Thai seasonings consist of fish/soy sauce (salty), oyster/tamarind sauce (sweet), chili sauce/flakes (spicy), lemon/vinegar (sour), brown/palm sugar, and MSG.  The difference between the seasoning in tom yam and oyster-fried beef is leaving out the chili paste.  Stirfried veggies with shrimp differs by swapping amounts of oyster and fish sauce.  To make cashew chicken, add garlic.  Sweet and sour: tamarind instead of garlic.
But each sauce has a definite name and purpose: chicken on rice with brown sauce; chicken on rice with red sauce; red pork on rice; boiled chicken on rice; chicken on yellow rice....
Thing is, if you change any component, it reduces to gobbeldygook.
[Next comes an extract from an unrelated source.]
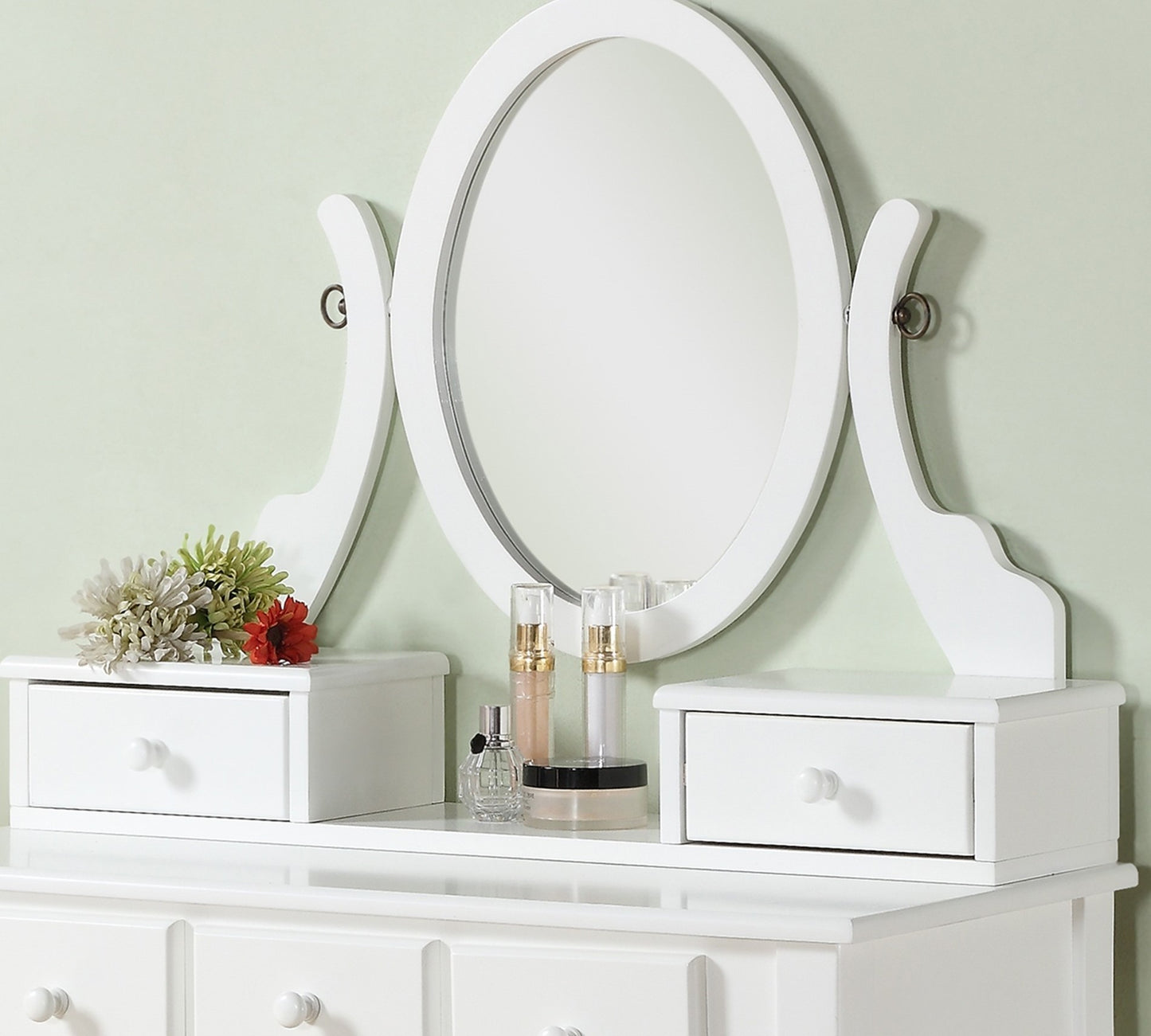 Ashley Wood Make-Up Vanity Table and Stool Set - White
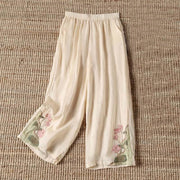 Foviel Summer Embroidery Lotus Flower Lotus Leaf Pattern Women's Wide Leg Pants With Pockets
A westerner looks at "Shrimp and corn with tamarind sauce" and "beef and mixed vegetables with oyster sauce," thinks, 'I hate oyster but I love tamarind,' and says, "I'd like the beef with mixed vegetables but in tamarind, not oyster, sauce."
To the Thai, this is, "Mable!  Gimme a blueplate with hobnobblekish!"

Consider the distinctions between seasonings for rice.  That's the American interpretation: rice, fish sauce, vinegar done.  Ya gotcher meat, potatoes, and ketchup goes with anything (God for the days....)
Consider what would happen if you ordered "Chicken with fried potatoes and gravy."  You get a hunk of chicken with sauteed, par-fried and sauteed, or deep fried potatoes and some sort of seasoning sauce.  A fancy person would say, "gravy made by shocking the pan with bouillon and reducing with ketchup and lemon pepper." It can be used on pig, beef, chicken, (maybe fish), potato, yam, or any vegetable sauteed in butter, or anything else cooked in a pan.  And it's called gravy.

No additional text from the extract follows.